Make the dough: In a large bowl combine the All-Purpose Flour and a pinch of Salt. Make a well, add warm Water, the Egg and Oil, and mix until a shaggy dough forms; turn out and knead 6–8 minutes until smooth and elastic. Wrap and let rest 30 minutes.
Prepare the filling: Peel and quarter the Starchy Potatoes and boil in salted water until very tender. Drain and mash until smooth, then fold in crumbled Farmer's Cheese. In a small skillet, melt Butter and sauté finely diced Onion until golden; stir most of the onion into the potato mixture and season with Black Pepper and more salt to taste.
Assemble pierogi: Roll the rested dough on a lightly floured surface to about 1/8" (3 mm) thickness. Cut rounds (about 3"/7–8 cm) and place a teaspoon or so of filling in the center of each round. Fold dough over to form a half-moon and press the edges to seal, crimping with a fork if desired.

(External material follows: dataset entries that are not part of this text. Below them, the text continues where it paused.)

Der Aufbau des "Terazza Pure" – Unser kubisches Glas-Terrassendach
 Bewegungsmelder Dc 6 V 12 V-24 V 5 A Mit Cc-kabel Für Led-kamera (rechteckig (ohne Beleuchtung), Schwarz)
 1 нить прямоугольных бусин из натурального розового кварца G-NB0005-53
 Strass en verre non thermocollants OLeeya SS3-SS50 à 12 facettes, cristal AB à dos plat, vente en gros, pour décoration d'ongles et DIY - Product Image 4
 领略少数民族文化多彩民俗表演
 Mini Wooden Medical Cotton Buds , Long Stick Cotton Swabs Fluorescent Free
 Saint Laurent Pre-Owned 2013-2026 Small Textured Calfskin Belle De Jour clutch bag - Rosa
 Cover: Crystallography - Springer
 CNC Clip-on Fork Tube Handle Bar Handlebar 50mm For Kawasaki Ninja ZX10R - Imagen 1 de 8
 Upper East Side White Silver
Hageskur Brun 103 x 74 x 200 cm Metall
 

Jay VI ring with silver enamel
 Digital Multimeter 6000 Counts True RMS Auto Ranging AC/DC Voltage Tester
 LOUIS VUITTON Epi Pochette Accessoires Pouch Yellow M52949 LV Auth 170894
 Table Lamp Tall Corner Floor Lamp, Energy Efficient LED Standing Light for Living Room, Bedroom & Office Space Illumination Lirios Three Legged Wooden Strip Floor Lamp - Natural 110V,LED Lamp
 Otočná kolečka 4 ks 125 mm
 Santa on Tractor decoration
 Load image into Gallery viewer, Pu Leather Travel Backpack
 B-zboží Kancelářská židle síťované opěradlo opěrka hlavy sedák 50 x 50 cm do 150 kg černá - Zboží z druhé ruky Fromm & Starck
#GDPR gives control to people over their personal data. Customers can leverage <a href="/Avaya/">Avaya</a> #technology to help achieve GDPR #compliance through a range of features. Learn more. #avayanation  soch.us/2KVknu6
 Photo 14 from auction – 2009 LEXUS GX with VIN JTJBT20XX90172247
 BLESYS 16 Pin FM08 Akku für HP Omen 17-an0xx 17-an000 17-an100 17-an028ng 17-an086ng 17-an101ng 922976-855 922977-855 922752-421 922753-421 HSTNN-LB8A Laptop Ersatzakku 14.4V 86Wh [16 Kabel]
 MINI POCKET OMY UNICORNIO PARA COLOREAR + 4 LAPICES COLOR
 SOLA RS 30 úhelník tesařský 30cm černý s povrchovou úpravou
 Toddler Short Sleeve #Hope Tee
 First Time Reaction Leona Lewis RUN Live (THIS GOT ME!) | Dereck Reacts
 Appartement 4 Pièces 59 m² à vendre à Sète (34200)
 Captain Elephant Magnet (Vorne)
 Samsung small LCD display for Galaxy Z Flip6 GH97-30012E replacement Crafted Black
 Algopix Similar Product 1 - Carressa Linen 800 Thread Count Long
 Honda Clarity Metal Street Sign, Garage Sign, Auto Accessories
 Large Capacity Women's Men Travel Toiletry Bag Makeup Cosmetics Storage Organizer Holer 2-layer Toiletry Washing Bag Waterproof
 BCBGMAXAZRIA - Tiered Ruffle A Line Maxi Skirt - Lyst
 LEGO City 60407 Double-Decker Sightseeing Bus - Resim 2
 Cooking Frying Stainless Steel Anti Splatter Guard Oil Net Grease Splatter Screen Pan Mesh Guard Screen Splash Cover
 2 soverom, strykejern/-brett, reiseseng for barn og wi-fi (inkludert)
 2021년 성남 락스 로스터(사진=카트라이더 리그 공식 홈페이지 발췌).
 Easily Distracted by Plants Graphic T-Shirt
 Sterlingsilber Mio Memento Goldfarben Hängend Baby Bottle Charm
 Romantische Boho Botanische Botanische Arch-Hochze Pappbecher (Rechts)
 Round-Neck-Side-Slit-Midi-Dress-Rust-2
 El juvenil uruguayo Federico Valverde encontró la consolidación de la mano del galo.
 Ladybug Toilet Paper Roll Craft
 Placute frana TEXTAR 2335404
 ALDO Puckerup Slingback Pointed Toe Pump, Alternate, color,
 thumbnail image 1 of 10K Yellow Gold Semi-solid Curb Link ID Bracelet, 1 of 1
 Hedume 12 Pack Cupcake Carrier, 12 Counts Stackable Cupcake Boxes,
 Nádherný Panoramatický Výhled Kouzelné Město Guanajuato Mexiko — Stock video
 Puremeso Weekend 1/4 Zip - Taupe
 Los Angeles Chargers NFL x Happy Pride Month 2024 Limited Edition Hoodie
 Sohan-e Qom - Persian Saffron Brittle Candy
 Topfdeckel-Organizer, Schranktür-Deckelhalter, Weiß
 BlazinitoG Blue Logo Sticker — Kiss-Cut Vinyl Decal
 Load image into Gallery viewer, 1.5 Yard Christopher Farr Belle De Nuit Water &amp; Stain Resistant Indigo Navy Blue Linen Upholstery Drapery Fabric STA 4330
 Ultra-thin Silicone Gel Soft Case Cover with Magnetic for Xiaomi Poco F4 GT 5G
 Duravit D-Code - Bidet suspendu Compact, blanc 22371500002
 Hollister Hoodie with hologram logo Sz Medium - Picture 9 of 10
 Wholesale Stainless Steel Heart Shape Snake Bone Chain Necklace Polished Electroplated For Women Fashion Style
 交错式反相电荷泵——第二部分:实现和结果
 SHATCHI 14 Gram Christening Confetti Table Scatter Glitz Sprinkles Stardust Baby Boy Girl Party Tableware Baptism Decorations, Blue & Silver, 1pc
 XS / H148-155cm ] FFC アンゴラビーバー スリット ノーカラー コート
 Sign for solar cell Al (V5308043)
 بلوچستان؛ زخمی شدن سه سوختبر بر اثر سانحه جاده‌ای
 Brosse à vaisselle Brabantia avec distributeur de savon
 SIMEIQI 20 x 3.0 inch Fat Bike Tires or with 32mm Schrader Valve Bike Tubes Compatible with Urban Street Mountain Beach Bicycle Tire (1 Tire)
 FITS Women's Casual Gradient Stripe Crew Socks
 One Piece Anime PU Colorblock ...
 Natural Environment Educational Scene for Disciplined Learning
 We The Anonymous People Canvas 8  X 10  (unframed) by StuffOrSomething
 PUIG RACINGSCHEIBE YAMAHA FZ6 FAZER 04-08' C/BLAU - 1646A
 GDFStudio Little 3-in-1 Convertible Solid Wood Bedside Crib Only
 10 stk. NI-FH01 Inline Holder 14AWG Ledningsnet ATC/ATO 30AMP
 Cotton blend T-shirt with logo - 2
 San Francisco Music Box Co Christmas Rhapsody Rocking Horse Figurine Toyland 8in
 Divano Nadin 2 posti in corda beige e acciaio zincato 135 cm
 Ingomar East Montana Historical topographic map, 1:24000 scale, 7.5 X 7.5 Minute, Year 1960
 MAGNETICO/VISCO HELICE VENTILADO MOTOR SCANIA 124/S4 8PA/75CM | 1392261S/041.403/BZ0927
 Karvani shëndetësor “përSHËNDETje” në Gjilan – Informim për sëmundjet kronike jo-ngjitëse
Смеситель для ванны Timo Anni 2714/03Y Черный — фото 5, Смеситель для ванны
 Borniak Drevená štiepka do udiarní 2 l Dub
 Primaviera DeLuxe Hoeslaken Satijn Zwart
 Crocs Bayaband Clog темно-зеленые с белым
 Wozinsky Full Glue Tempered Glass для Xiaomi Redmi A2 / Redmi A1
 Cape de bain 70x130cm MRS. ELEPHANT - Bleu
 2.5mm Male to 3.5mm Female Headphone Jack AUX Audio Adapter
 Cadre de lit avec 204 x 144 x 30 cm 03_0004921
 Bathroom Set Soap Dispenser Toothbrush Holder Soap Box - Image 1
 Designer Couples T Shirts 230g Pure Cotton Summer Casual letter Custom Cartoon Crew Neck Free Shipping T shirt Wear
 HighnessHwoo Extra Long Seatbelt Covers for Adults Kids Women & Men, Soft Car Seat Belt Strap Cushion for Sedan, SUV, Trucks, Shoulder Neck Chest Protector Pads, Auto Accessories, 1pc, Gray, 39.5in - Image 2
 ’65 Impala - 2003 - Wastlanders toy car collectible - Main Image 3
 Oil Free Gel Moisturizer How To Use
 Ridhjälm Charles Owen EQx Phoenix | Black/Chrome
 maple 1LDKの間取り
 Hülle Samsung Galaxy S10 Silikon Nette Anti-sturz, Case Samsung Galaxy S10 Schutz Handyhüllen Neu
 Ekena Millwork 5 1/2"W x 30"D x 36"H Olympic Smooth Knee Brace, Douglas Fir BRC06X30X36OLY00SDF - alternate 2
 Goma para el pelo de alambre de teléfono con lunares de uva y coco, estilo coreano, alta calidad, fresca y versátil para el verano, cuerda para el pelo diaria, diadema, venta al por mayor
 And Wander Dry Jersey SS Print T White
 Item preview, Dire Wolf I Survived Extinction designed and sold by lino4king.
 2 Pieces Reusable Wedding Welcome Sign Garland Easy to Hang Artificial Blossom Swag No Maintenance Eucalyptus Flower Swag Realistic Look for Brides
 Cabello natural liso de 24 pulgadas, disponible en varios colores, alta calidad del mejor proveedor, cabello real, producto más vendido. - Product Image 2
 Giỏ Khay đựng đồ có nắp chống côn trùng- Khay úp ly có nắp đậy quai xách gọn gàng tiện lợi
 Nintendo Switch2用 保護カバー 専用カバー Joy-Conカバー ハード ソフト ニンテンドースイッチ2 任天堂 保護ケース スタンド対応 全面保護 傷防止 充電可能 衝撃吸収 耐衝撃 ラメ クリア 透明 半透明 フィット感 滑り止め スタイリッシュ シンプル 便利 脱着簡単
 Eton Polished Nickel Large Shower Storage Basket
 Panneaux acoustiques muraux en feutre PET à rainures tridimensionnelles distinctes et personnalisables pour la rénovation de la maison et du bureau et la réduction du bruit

Cook pierogi: Bring a large pot of salted water to a gentle boil. Drop pierogi in batches so they don’t crowd; when they float, cook 1–2 minutes more, then remove with a slotted spoon to drain.
Optional finish: For extra flavor and texture, heat an additional knob of Butter in a skillet and sauté remaining sliced Onion until caramelized. Add drained pierogi and fry a few minutes per side until lightly browned and crisp.
Serve: Plate the pierogi warm with a generous spoonful of Sour Cream and a sprinkle of chopped Chives. Adjust seasoning with extra Salt and Black Pepper if needed.